WORK INSTRUCTIONS: Would you please write out each of the entries below exactly, omitting pictures?

RECORDED INFORMATION:
◆ ◆ ◆ ◆
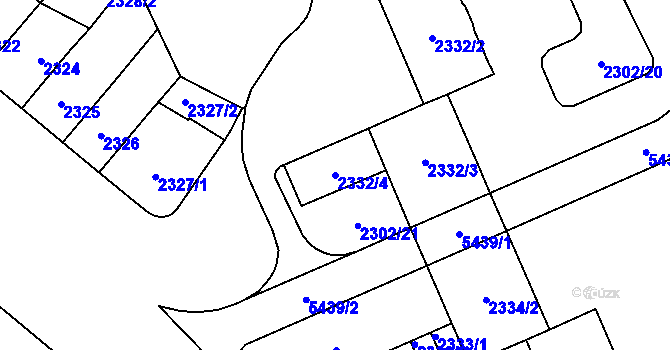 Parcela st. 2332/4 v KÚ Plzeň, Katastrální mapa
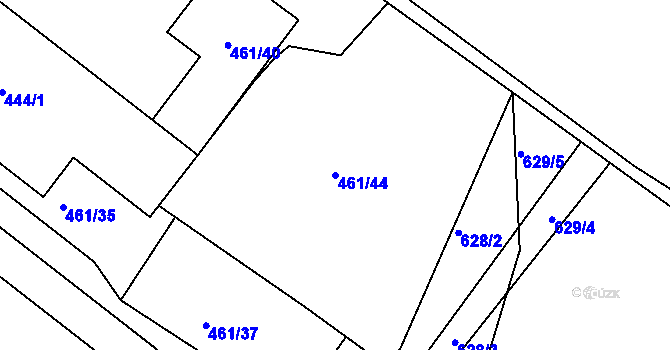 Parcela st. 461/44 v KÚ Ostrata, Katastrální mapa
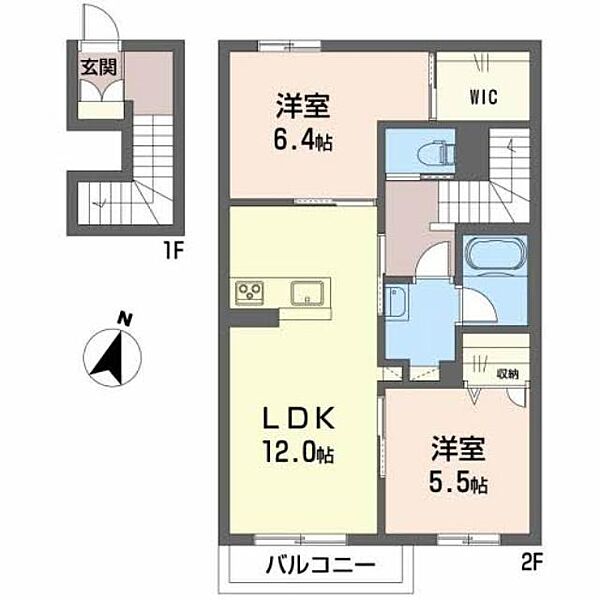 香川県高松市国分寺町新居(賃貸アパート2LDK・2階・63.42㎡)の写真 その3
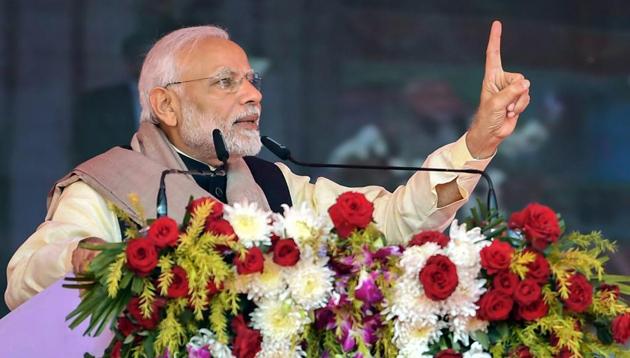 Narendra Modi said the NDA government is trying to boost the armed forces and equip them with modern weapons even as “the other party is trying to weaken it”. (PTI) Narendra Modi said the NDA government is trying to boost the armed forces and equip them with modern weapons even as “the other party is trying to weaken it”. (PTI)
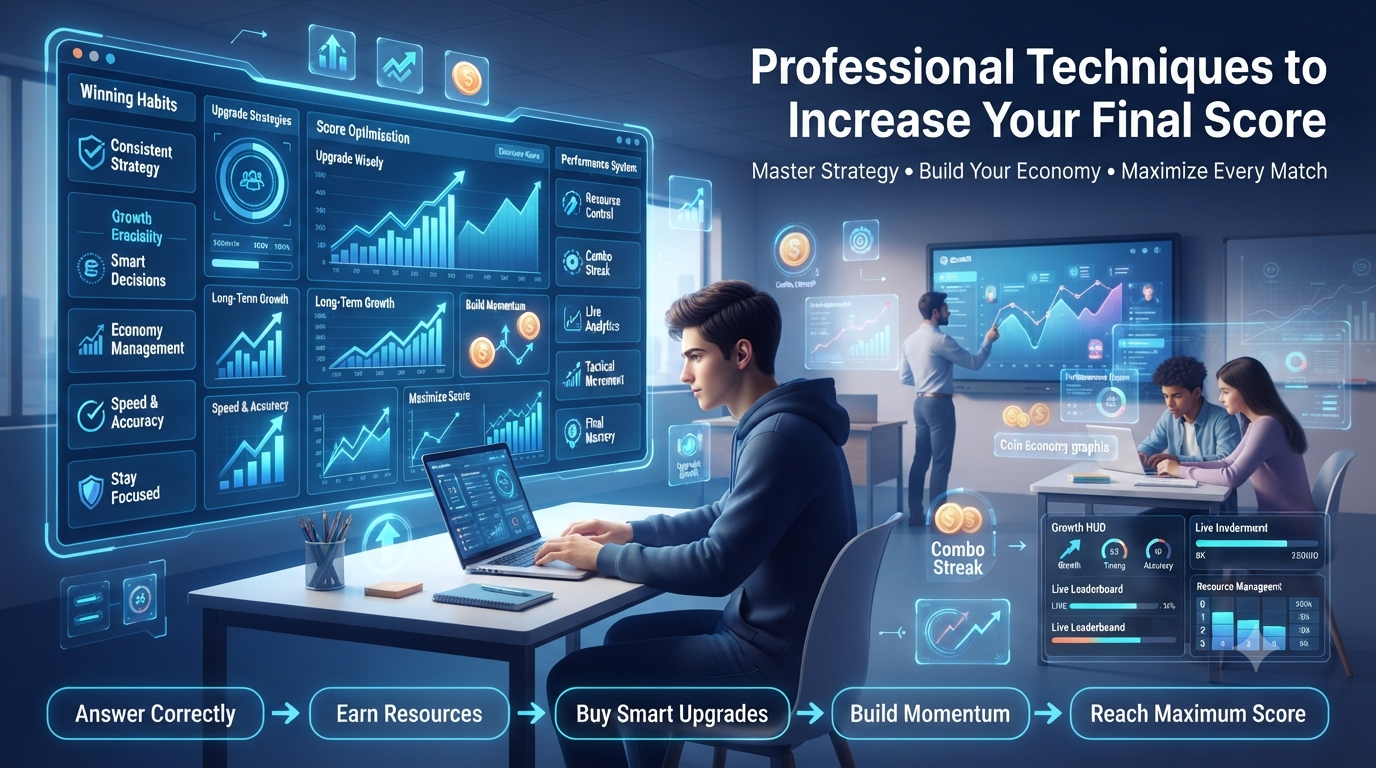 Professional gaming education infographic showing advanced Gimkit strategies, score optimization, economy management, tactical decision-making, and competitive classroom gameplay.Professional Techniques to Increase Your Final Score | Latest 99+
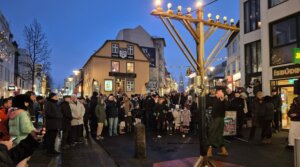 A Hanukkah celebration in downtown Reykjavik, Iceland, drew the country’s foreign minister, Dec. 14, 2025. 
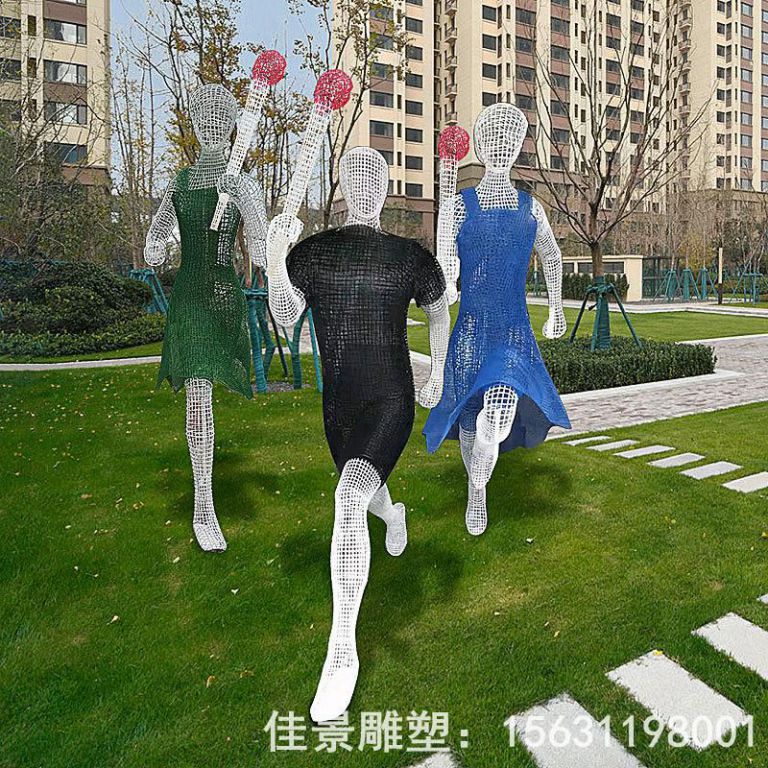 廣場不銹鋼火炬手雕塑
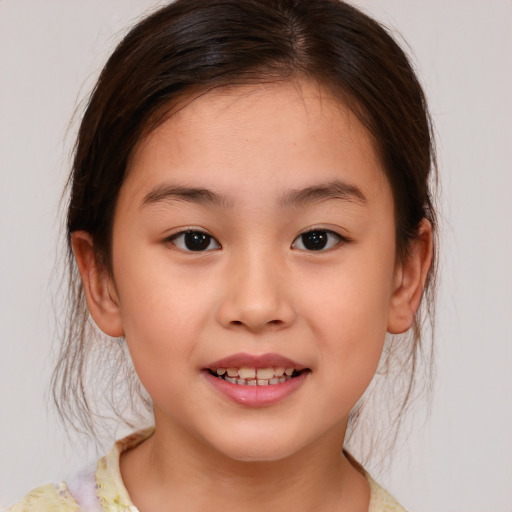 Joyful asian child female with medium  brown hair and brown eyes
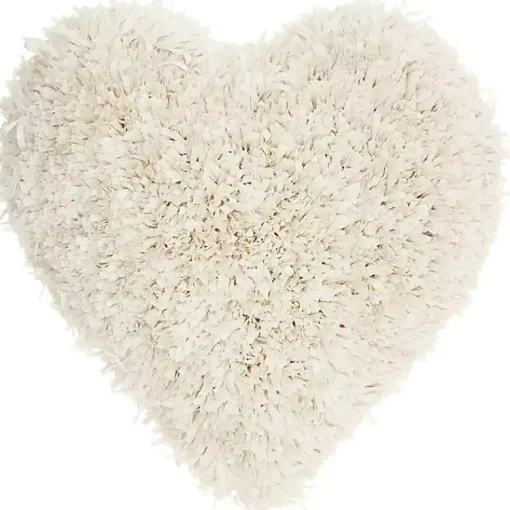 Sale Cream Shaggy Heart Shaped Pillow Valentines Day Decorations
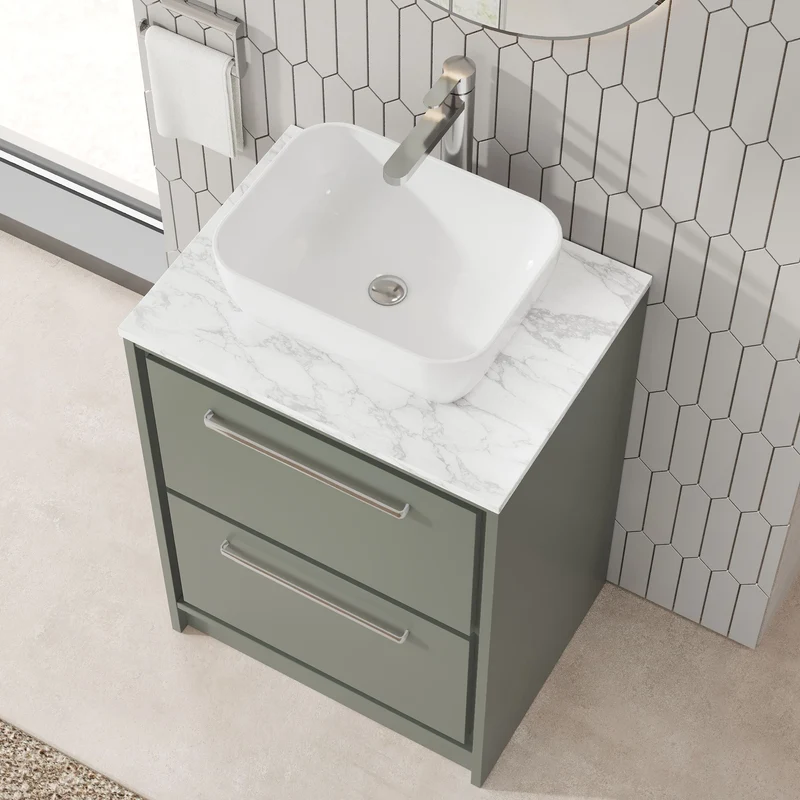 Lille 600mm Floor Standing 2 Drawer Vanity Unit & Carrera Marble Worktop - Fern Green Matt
◆ ◆ ◆ ◆
WORKED SOLUTION:
 Parcela st. 2332/4 v KÚ Plzeň, Katastrální mapa
 Parcela st. 461/44 v KÚ Ostrata, Katastrální mapa
 香川県高松市国分寺町新居(賃貸アパート2LDK・2階・63.42㎡)の写真 その3
 Narendra Modi said the NDA government is trying to boost the armed forces and equip them with modern weapons even as “the other party is trying to weaken it”. (PTI) Narendra Modi said the NDA government is trying to boost the armed forces and equip them with modern weapons even as “the other party is trying to weaken it”. (PTI)
 Professional gaming education infographic showing advanced Gimkit strategies, score optimization, economy management, tactical decision-making, and competitive classroom gameplay.Professional Techniques to Increase Your Final Score | Latest 99+
 A Hanukkah celebration in downtown Reykjavik, Iceland, drew the country’s foreign minister, Dec. 14, 2025. 
 廣場不銹鋼火炬手雕塑
 Joyful asian child female with medium  brown hair and brown eyes
 Sale Cream Shaggy Heart Shaped Pillow Valentines Day Decorations
 Lille 600mm Floor Standing 2 Drawer Vanity Unit & Carrera Marble Worktop - Fern Green Matt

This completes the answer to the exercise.